Now, one likes to think that the CSA didn’t schedule more friendlies because Canada did have those six competitive matches against the likes of Saint Lucia and St. Kitts last autumn. Add those to the total and the Canadians will have played eight matches in the intervening months between major competitions, more in line with the likes of Panama and Honduras. Although it must be said, the latter two’s friendlies have been more evenly spaced and included far tougher competition than the six matches Canada had against semi-professionals clumped together last fall.
People accuse the Canadian Soccer Association of many things -- ineptitude, inaction, inflexibility, nepotism, mismanagement, corruption, bureaucratic bungling, lack of long-term planning, lack of business acumen and lack of transparency, to name a few. Some of these criticisms are genuine while some are misplaced and simply the product of a long-suffering and marginalized fan base. The calls for more friendlies have merit though. It seem logical that the only way the Canadian mens' team can show more cohesion together on the pitch, is to spend more time together on the pitch.

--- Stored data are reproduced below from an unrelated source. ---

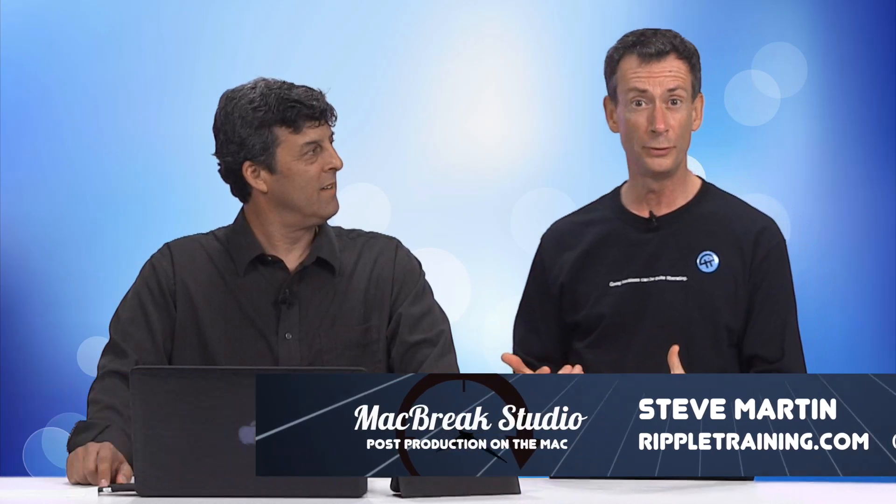Welcome back to MacBreak Studio. I'm Mark, I'm with Steve, the usual duo here, and we're getting into all the really cool new features in Final Cut Pro 10.2 that came out just a little while ago. And Steve, you're going to take us into something about saving presets.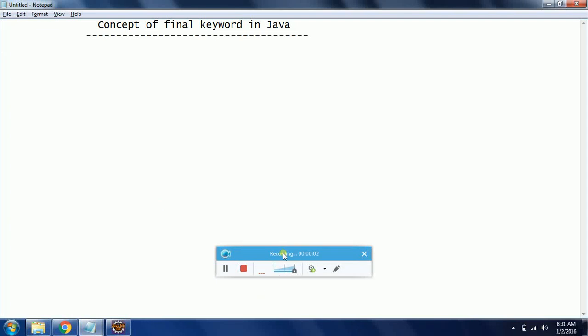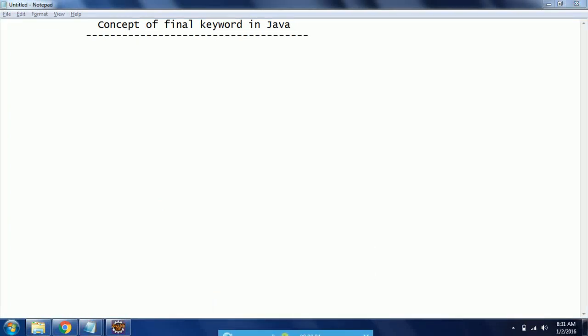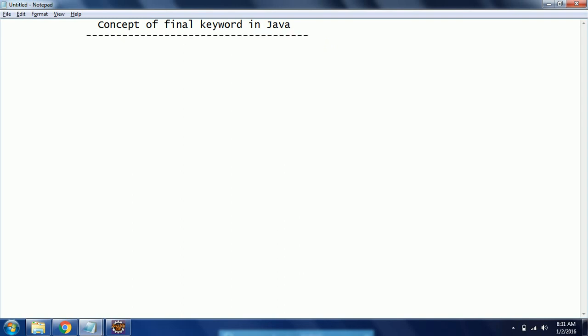Hi guys, this is Shiva Reddy. Welcome to core Java tutorials. In this session I explain the concept of the final keyword in Java. If you are familiar with earlier languages like C++, we have a concept of constant variables, meaning the value of a constant you cannot change. The similar concept in Java, which provides equivalent functionality, is final. Final in Java can be applied at the variable level, method level, and class level.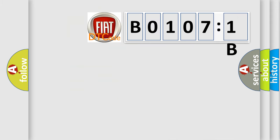So, what does the diagnostic trouble code B01071B interpret specifically for FIAT car manufacturers?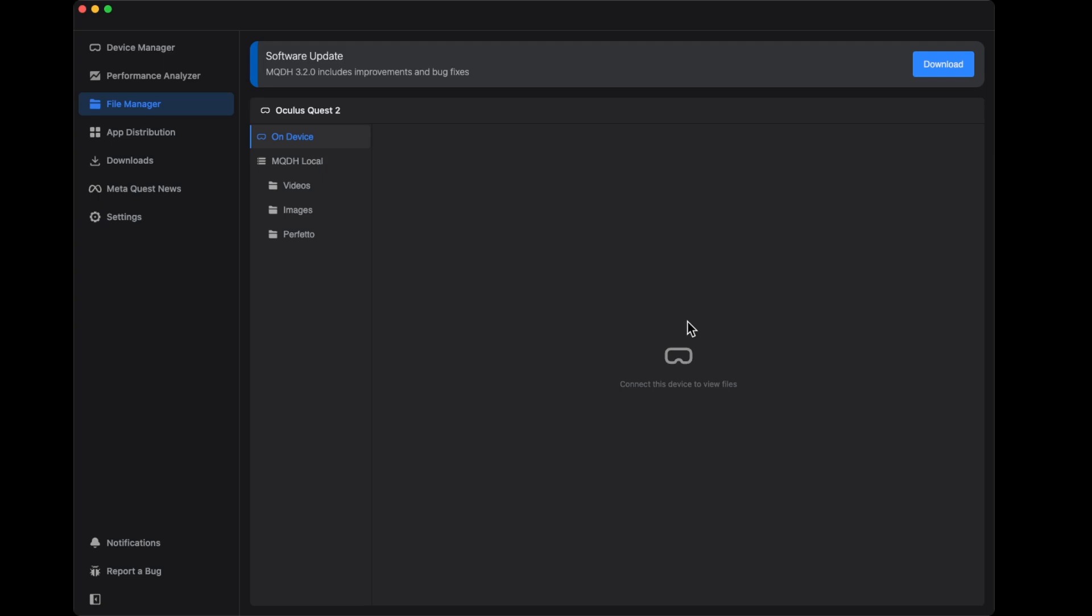I didn't plan to have the headset because I just wanted to show you the interface of the software, but I think I can do that very quick. Let me see if it's charged. I'm connecting my headset here, so bear with me.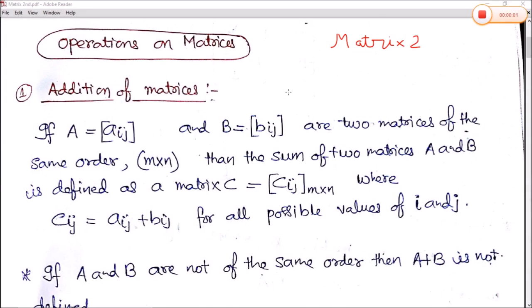In the last class we learned about the definition of different types of matrices and how they are formed. In this class we will see how different types of mathematical operations can be performed on matrices.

But friendlies cost money. Wouldn't the CSA love to preside over a geographically compact country with a robust domestic league full of clubs willing to fork over their players mid-season for non-Fifa-date friendlies? And to be surrounded by soccer-mad countries in generally the same boat to play such friendlies against. Case in point, the Clásico Centroamericano friendly last week between Costa Rica and Honduras. Both sides broadly consisted of young, domestic-based players who were being handed a pre-World-Cup tryout by managers with the luxury to do so. (Though old dogs Carlos Costly and David Suazo did figure for Honduras.)
Stephen Hart doesn’t have that luxury. Because the CSA apparently doesn’t have the luxury of scheduling 10 friendlies in 12 months. The lack of consistent preparation will surely cost Canada at some level when qualifying kicks off again this June, but given the alternative of facing Cuba having played only Armenia and the U.S. in the preceding 12 months, maybe those excruciatingly painful matches last fall will be shown to have served some grander purpose after all.